* **Problem**
Skip the pictures. Return exactly the lines from the one containing "Used 2018 Chevrolet Tahoe LT AWD/4WD image 1" through the end of the entries below.

══════════

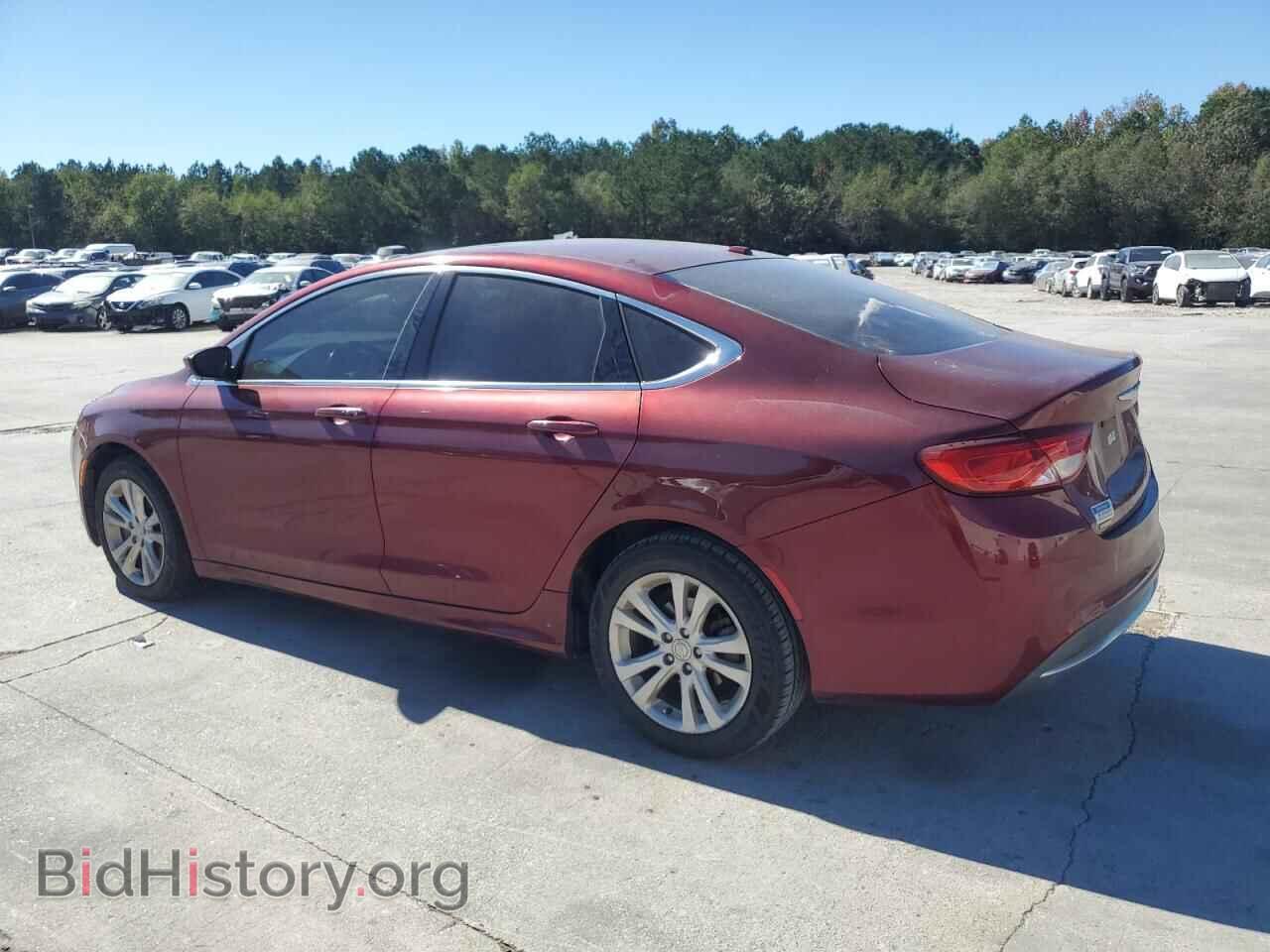 2015 CHRYSLER 200 - VIN: 1C3CCCAB0FN632566 - Фото 2
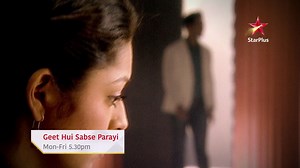 Maan💝Geet's #LoveStory filled with purity and true love will remain etched in your hearts forever😍⠀ ⠀ 'Geet Hui Sabse Parayi' Mon-Fri 5:30pm only on #StarPlus #Sky 705 #Virgin Media 803 and #YuppTV | StarPlus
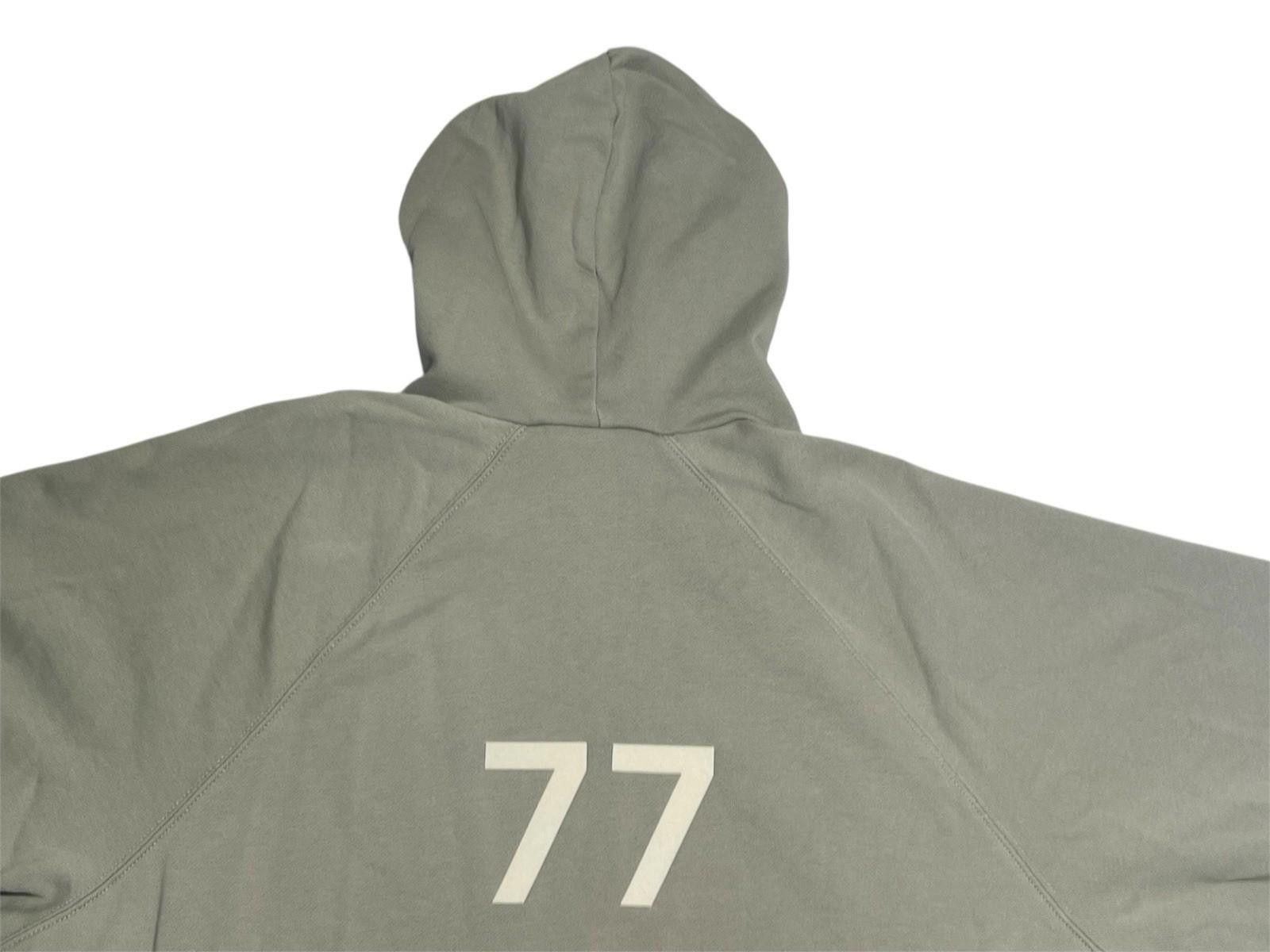 Fear of God Fear of God Essentials 3/4 Sleeve Oak Pullover Hoodie S Size S / US 4 / IT 40 - 9 Thumbnail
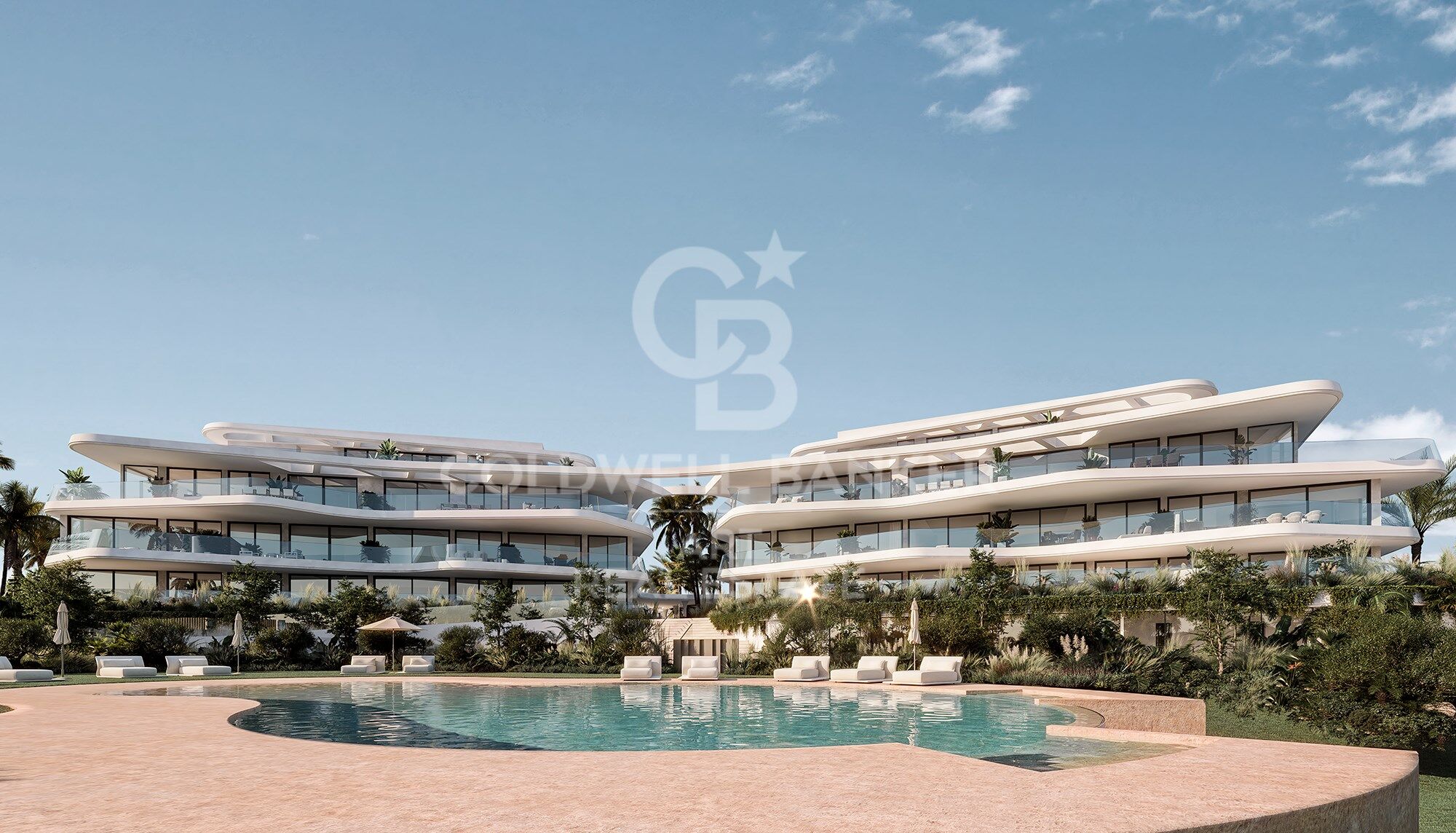 Apartments und Penthäuser in der Gegend von Bel Air, Estepona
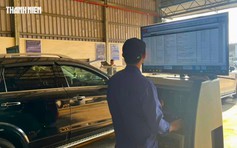 Kiểm định khí thải phải ký giấy cam kết, nhiều người dùng xe máy dầu hoang mang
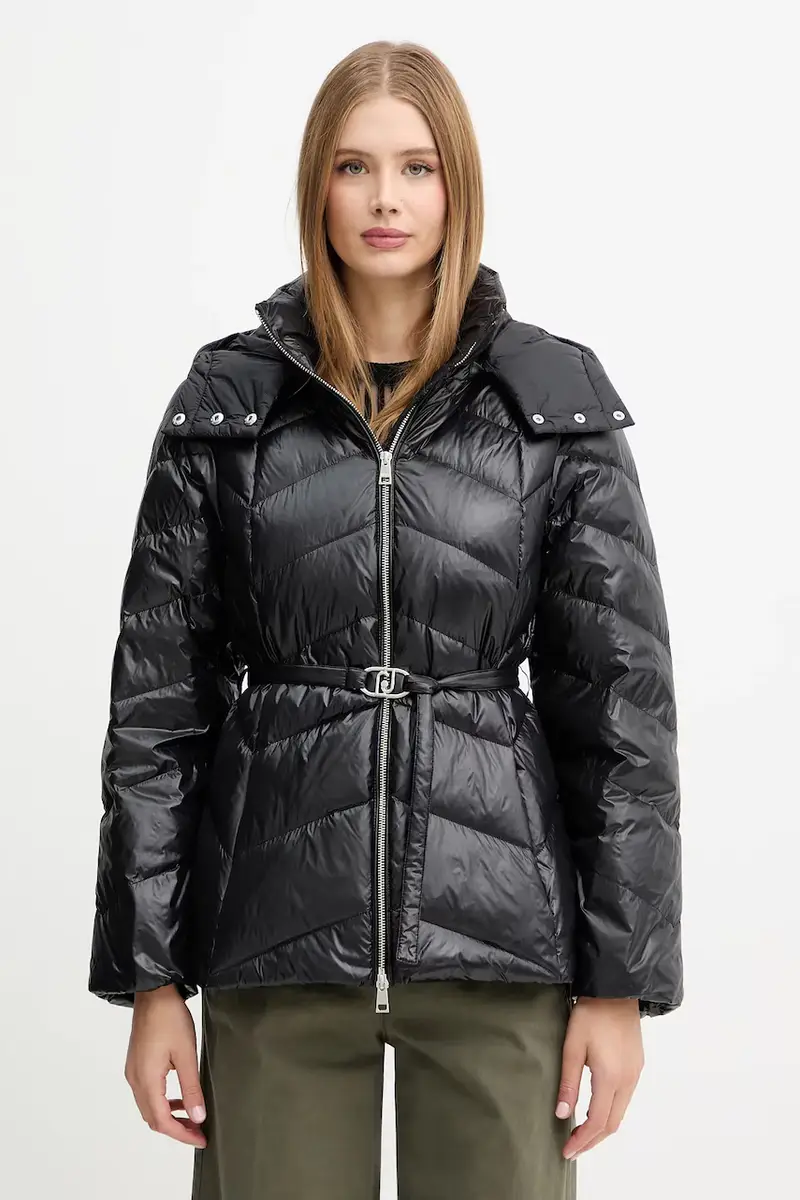 piumino colore nero MF5022 T2709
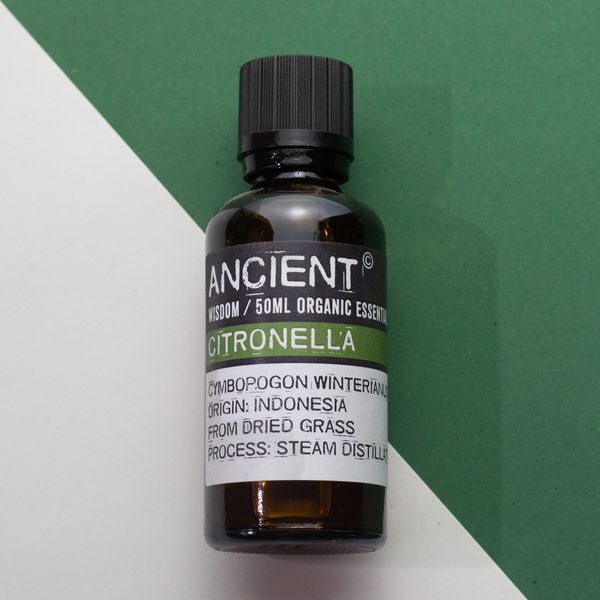 Citronella Organikus Illóolaj 50ml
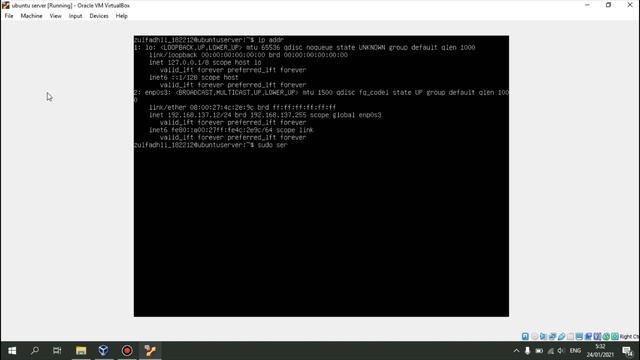 FTP SERVER || TUGAS BESAR PART 2 смотреть онлайн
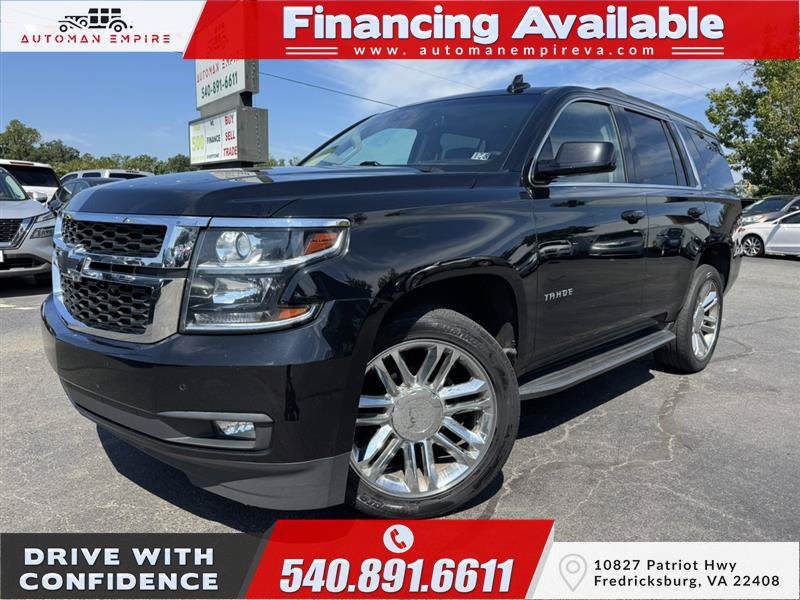 Used 2018 Chevrolet Tahoe LT AWD/4WD image 1
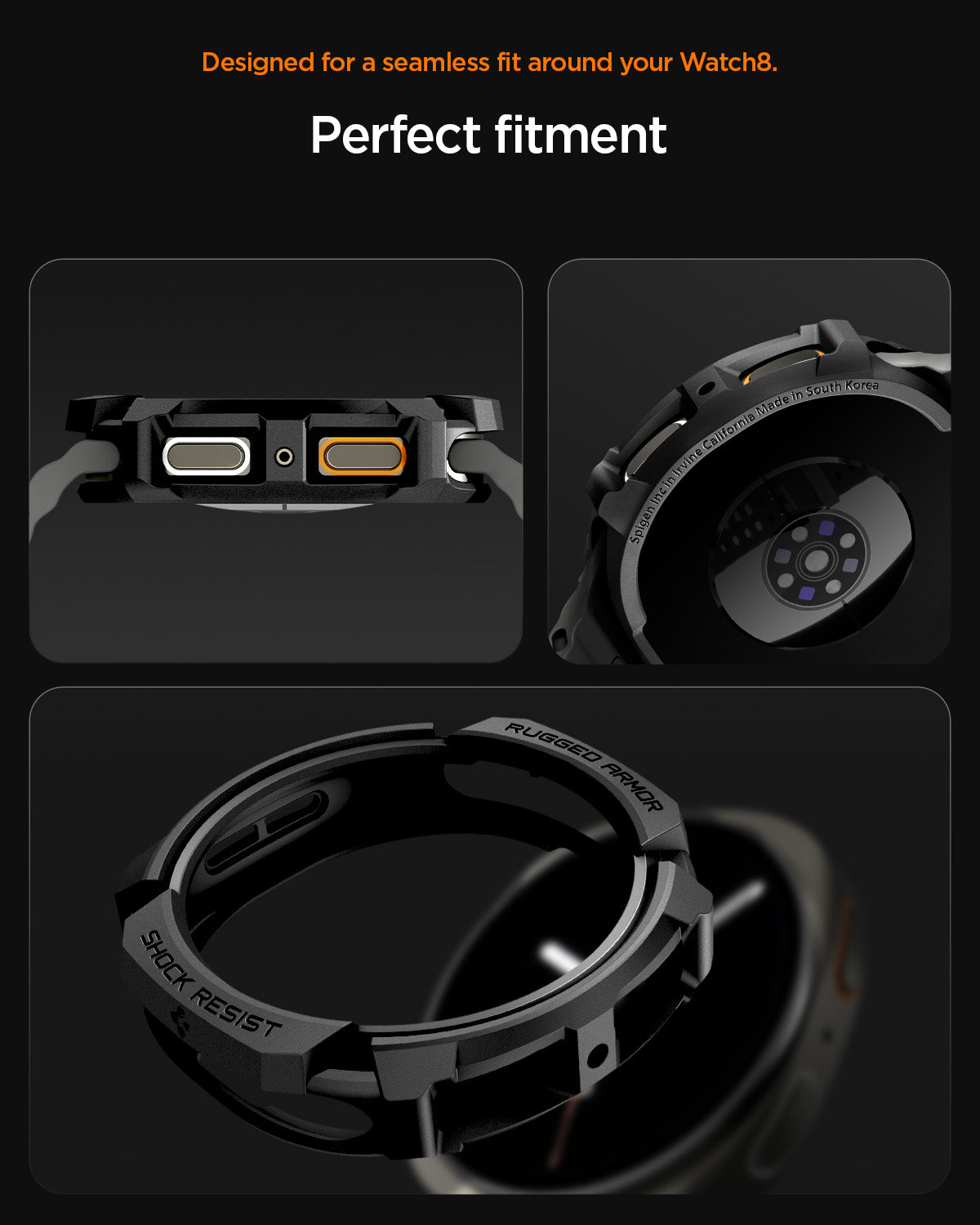 Galaxy Watch 8 Series - Rugged Armor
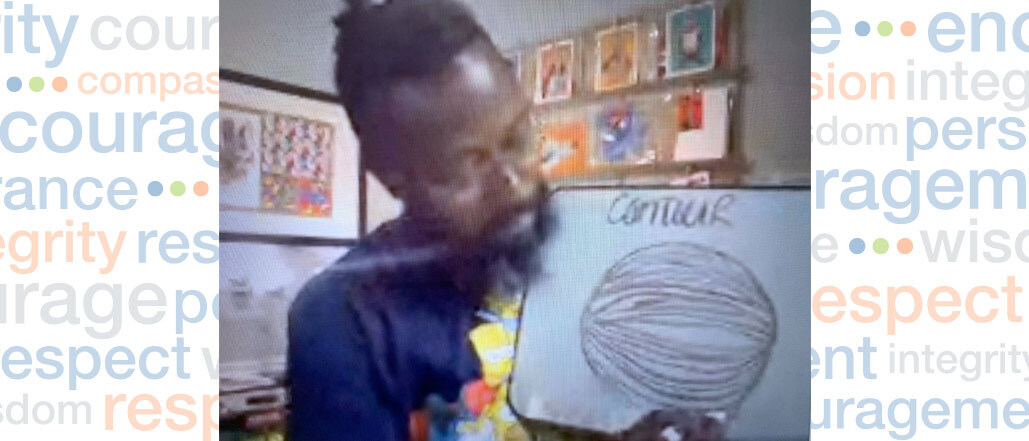 Atlanta Art Teacher Engages Students’ Creativity by Hosting Interactive Remote Learning Sessions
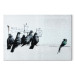 Canvas Print Protesting Birds by Banksy 132468 additionalThumb 7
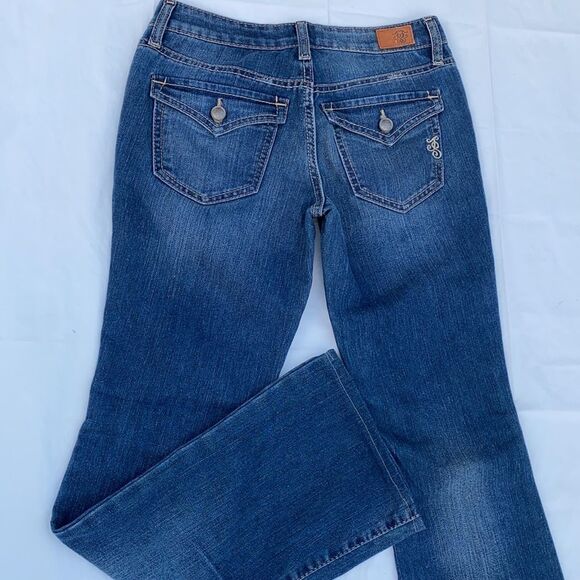 Jessica Simpson skinny boot  jeans size 25 short - Picture 11 of 11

══════════

* **Reply**
 Used 2018 Chevrolet Tahoe LT AWD/4WD image 1
 Galaxy Watch 8 Series - Rugged Armor
 Atlanta Art Teacher Engages Students’ Creativity by Hosting Interactive Remote Learning Sessions
 Canvas Print Protesting Birds by Banksy 132468 additionalThumb 7
 Jessica Simpson skinny boot  jeans size 25 short - Picture 11 of 11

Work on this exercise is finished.